If you are unable to attend a scheduled lesson, please make every effort to notify Reins of Rhythm 24 hours in advance by contacting Beth Merlo.  Sufficient notice is needed so that we can communicate with staff and volunteers.  If a last-minute cancellation is made due to illness or emergency we cannot guarantee a make-up lesson will be available, and therefor you will be charged for the missed lesson.

 What happens if my instructor needs to cancel a lesson?

If an instructor needs to cancel a lesson, a make-up lesson will be re-scheduled or the lesson will not be charged for and will still be available as a paid lesson.

What happens to lessons in inclement weather?

Every effort will be made to hold scheduled lessons. In the event of inclement weather, lessons will continue as planned and students will be instructed in the indoor classroom if the indoor arena is too cold.  Lessons will only be canceled in extreme weather cases when Reins of Rhythm deems that it is not safe to hold a lesson on the farm.

What happens if we take a break from lessons?

Due to the fact that Reins of Rhythm relies on lesson payments to pay for the costs of running the program, we cannot hold a spot. If we are given a minimum of 30 days notice, and the exact dates of when the break will be, we will do our best to find someone from the wait list willing to take a temporary spot but we cannot guarantee that will be possible. A rider taking a break will be put back on the wait list.

What are the benefits of riding and working with horses?

While riding a horse, students are given the opportunity to feel freedom and power through movement. As the horse walks, the movement is transferred to the rider, providing a combination of sensory, motor, and neurological stimulation. This translates to stronger muscles, better balance and coordination, and improved gait.
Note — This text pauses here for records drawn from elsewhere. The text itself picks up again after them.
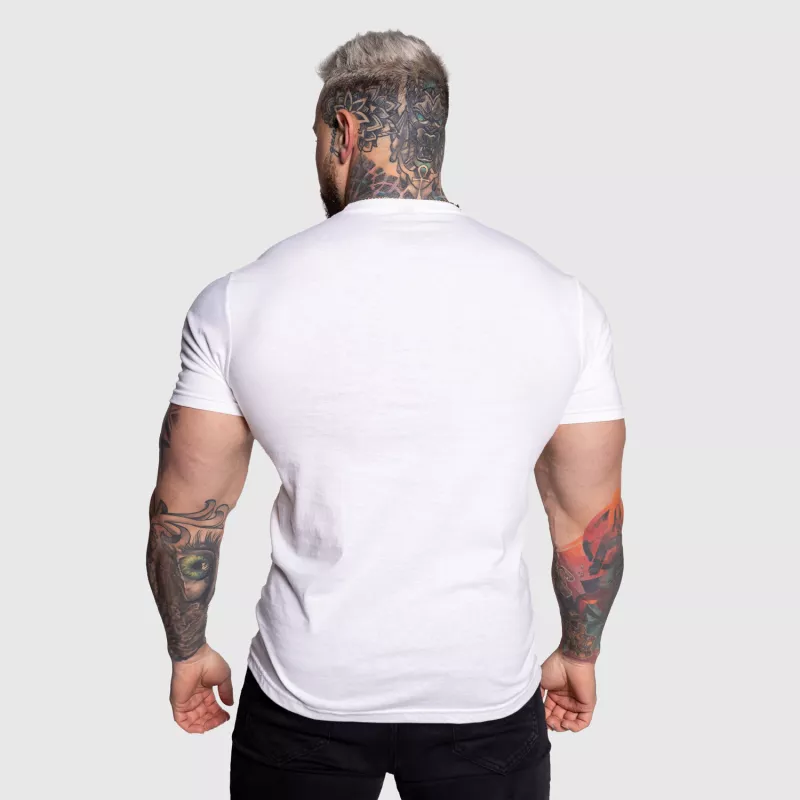 Tricou sport pentru bărbați Iron Aesthetics Urban, alb-5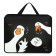 Folder with A4 handles, 330 x 260 x 75 mm, plastic, pens, calligrata "geese"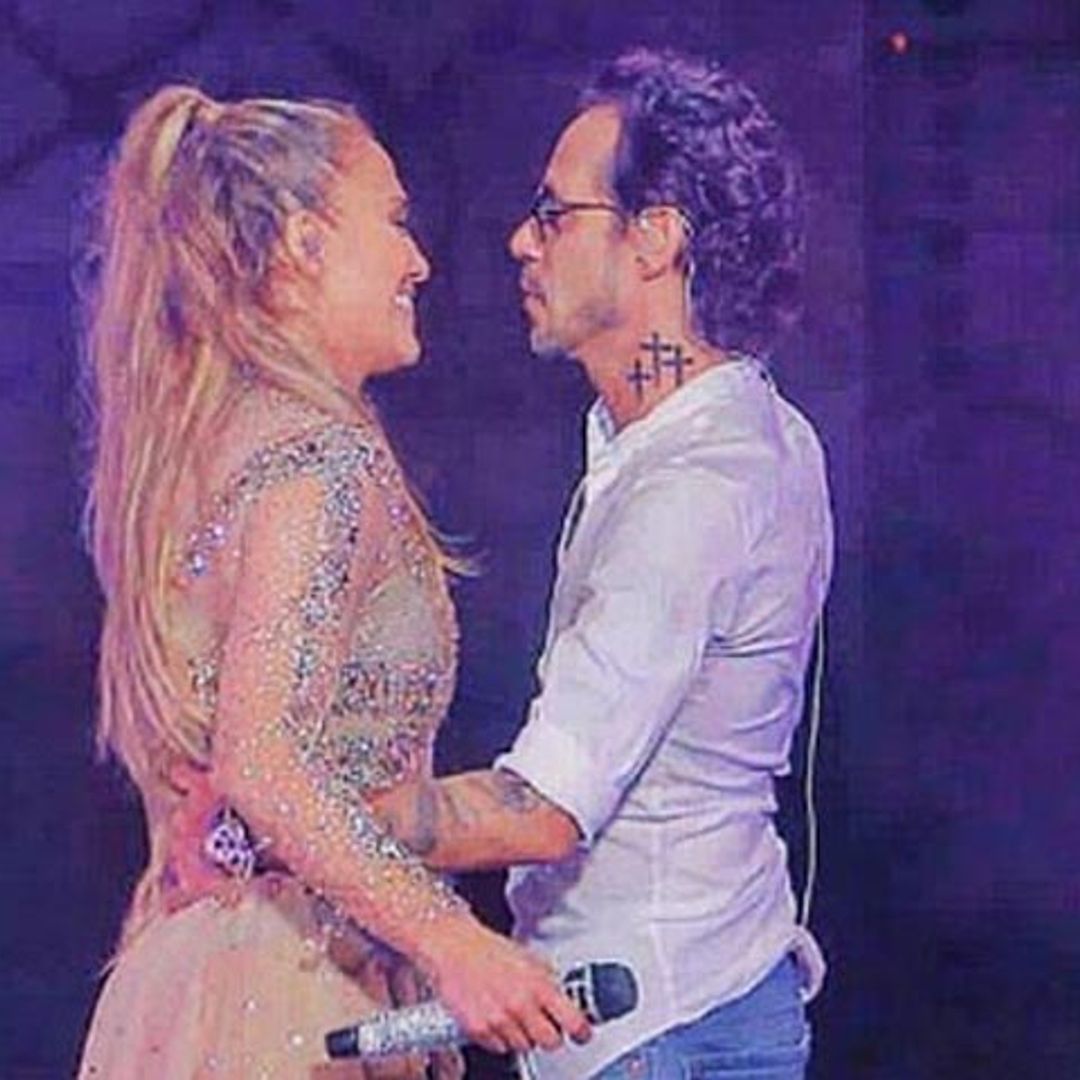 Jennifer López le niega un beso a Marc Anthony ¿Cuál fue el motivo?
Just as important as the physical benefits, greater self-confidence and self-esteem can be achieved through the freedom of movement. Working with horses also teaches respect, responsibility, patience, and perseverance.
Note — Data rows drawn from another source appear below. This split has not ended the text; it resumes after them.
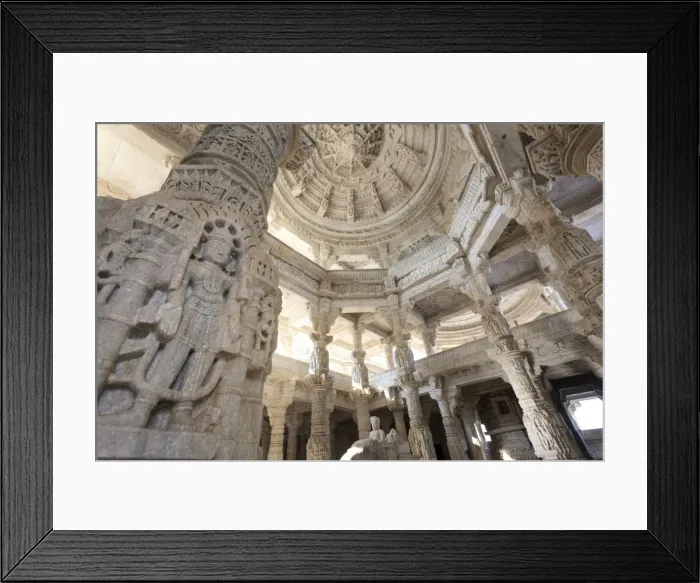 Framed Print : India, Rajasthan, Ranakpur Jain Temple Framed Print : India, Rajasthan, Ranakpur Jain Temple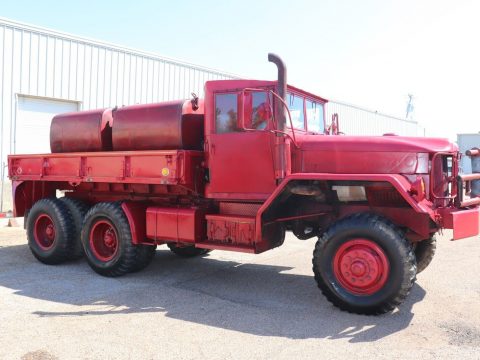 1975 Kaiser Jeep M818 5 Ton 6&#215;6 Military Truck with 2 x 600gal Aluminum Tanks for sale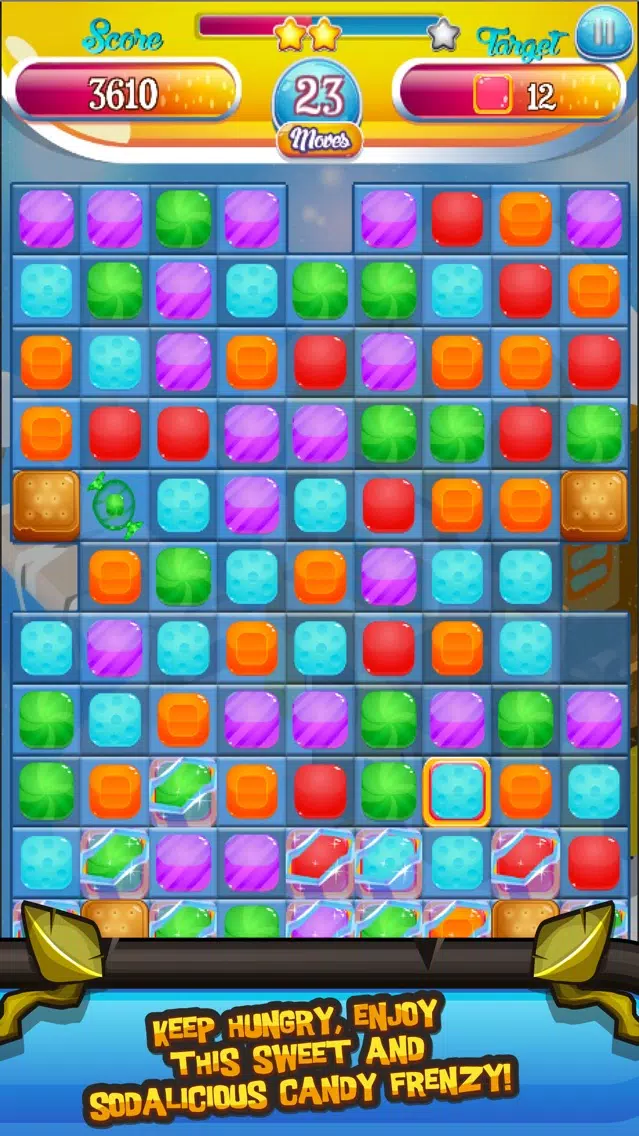 Lovely Couple Sweet Candy Puzzle Match 3 Game Screenshots
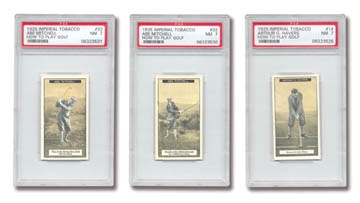 Sports Cards - 1925 Imperial Tobacco Golf PSA Lot (12)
How often do participants have lessons? Most students ride once a week, in groups of two for either 30 or 60 minutes. Lessons are conducted year round as we have an insulated indoor arena.

 What forms are required for my child to ride?
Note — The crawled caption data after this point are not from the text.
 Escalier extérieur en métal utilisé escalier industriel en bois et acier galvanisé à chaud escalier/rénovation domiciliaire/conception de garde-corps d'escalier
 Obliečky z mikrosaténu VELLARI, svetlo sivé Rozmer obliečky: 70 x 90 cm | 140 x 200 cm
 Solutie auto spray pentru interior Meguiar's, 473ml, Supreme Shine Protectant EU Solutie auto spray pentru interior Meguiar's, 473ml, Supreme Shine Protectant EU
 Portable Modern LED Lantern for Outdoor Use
Due to insurance, all riders must have a complete set of forms; these can be found under our “Forms” tab on this website. Starting in 2017 a physical form completed by a physician must also be submitted, stating there are no contraindications for this participant.

 My child does not have a disability. Do I need to fill out all of the rider forms for them to be able to sign up and ride?

Yes. All riders need to have a completed set of paperwork to be able to ride. This includes the Doctor’s Form as of 2017, filled out and signed by the participant’s doctor.

Why will my able bodied child need a physical and signed doctor’s form to participate as of 2017?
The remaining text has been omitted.